In the case of linear feedback systems, a control loop including sensors, control algorithms, and actuators is arranged in an attempt to regulate a variable at a setpoint (SP). An everyday example is the cruise control on a road vehicle; where external influences such as hills would cause speed changes, and the driver has the ability to alter the desired set speed. The PID algorithm in the controller restores the actual speed to the desired speed in an optimum way, with minimal delay or overshoot, by controlling the power output of the vehicle's engine. Control systems that include some sensing of the results they are trying to achieve are making use of feedback and can adapt to varying circumstances to some extent. Open-loop control systems do not make use of feedback, and run only in pre-arranged ways.

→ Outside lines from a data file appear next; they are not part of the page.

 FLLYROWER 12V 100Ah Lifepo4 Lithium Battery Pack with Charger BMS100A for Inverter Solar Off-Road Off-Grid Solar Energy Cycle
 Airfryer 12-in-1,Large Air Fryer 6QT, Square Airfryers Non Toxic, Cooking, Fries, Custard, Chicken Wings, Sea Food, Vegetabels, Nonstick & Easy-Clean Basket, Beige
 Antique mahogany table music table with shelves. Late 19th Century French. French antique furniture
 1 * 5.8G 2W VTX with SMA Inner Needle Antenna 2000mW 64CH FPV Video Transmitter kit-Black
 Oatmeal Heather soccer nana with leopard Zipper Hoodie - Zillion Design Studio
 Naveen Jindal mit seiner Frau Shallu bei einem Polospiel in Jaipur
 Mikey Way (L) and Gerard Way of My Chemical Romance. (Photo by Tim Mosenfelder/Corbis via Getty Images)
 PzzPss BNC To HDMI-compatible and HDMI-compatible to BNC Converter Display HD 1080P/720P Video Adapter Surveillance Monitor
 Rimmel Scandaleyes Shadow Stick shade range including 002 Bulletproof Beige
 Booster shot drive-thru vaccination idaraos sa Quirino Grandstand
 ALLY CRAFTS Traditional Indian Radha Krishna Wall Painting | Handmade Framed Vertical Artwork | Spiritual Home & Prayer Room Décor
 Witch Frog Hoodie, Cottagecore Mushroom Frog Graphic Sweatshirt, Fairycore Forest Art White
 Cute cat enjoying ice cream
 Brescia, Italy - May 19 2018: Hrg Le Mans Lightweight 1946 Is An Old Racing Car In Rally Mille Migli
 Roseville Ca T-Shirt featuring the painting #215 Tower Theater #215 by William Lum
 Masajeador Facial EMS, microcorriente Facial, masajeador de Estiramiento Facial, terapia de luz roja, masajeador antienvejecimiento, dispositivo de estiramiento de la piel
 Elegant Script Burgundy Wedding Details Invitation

Closed-loop controllers have the following advantages over open-loop controllers:

• disturbance rejection (such as hills in the cruise control example above)
• guaranteed performance even with model uncertainties, when the model structure does not match perfectly the real process and the model parameters are not exact
• unstable processes can be stabilized
• reduced sensitivity to parameter variations
• improved reference tracking performance
• improved rectification of random fluctuations^[2]

In some systems, closed-loop and open-loop control are used simultaneously. In such systems, the open-loop control is termed feedforward and serves to further improve reference tracking performance.

A common closed-loop controller architecture is the PID controller.

A basic feedback loop

Open-loop and closed-loop

Closed-loop transfer function

Main page: Closed-loop transfer function

The output of the system y(t) is fed back through a sensor measurement F to a comparison with the reference value r(t). The controller C then takes the error e (difference) between the reference and the output to change the inputs u to the system under control P. This is shown in the figure. This kind of controller is a closed-loop controller or feedback controller.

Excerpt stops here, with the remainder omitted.